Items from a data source
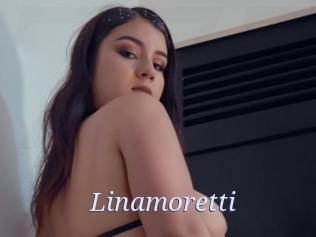 Linamoretti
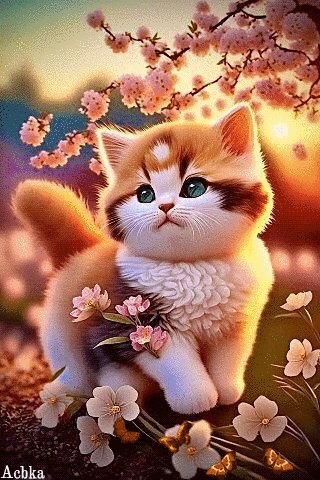 file_93109672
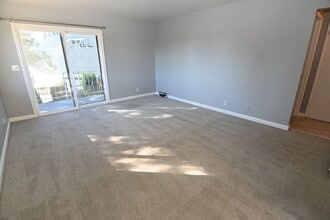 3993 Starview Dr in San Jose, CA - Building Photo - Building Photo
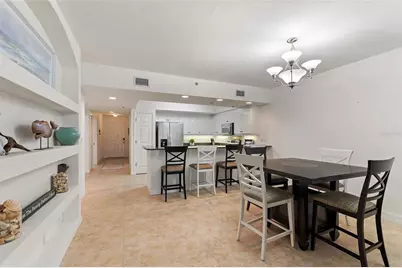 5300 S Atlantic Avenue #14-603, New Smyrna Beach, FL 32169 - Photo 13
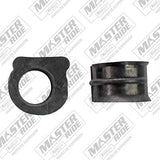 GOMA VARILLA ESTABILIZADORA MASTER RIDE VOLKSWAGEN JETTA A4  99-15 part:  MR1426014
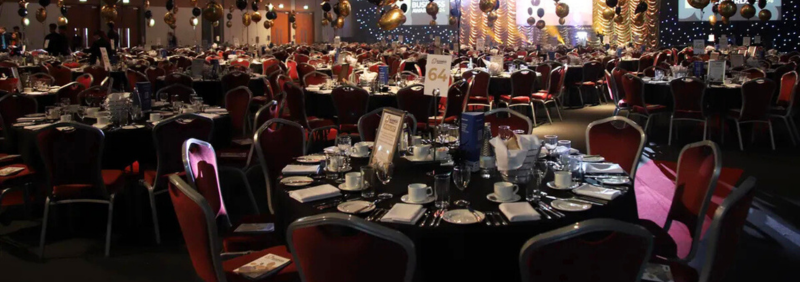 T-T Shortlisted as Finalist at the 2018 Cheshire Business Awards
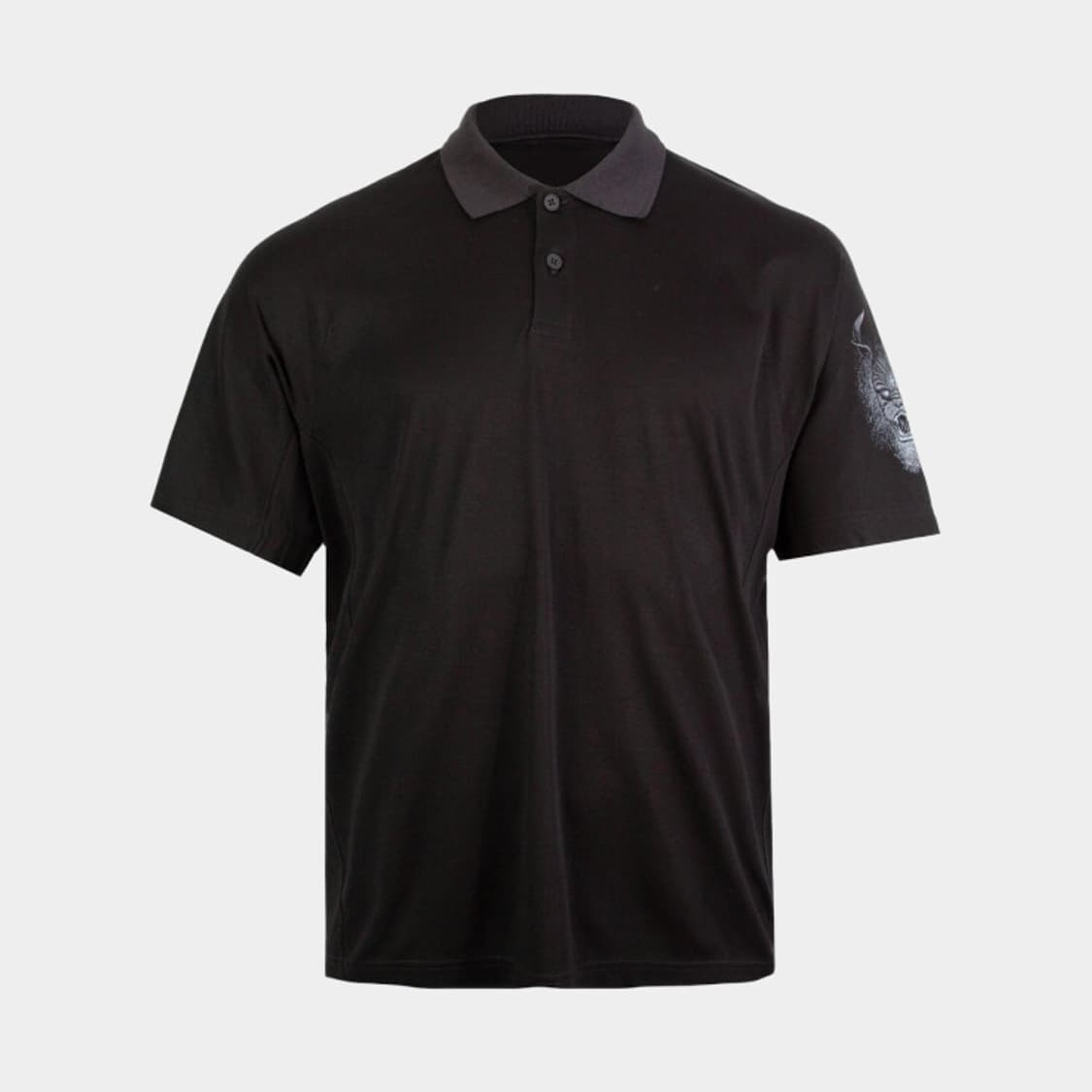 (새상품) Y-3 요지야마모토 반팔 티셔츠 상품이미지1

* _Task_
The lines wanted are those from the one with "5300 S Atlantic" to the end of the entries above, repeated exactly, both ends included. Leave out the pictures.

* _Response to the task_
 5300 S Atlantic Avenue #14-603, New Smyrna Beach, FL 32169 - Photo 13
 GOMA VARILLA ESTABILIZADORA MASTER RIDE VOLKSWAGEN JETTA A4  99-15 part:  MR1426014
 T-T Shortlisted as Finalist at the 2018 Cheshire Business Awards
 (새상품) Y-3 요지야마모토 반팔 티셔츠 상품이미지1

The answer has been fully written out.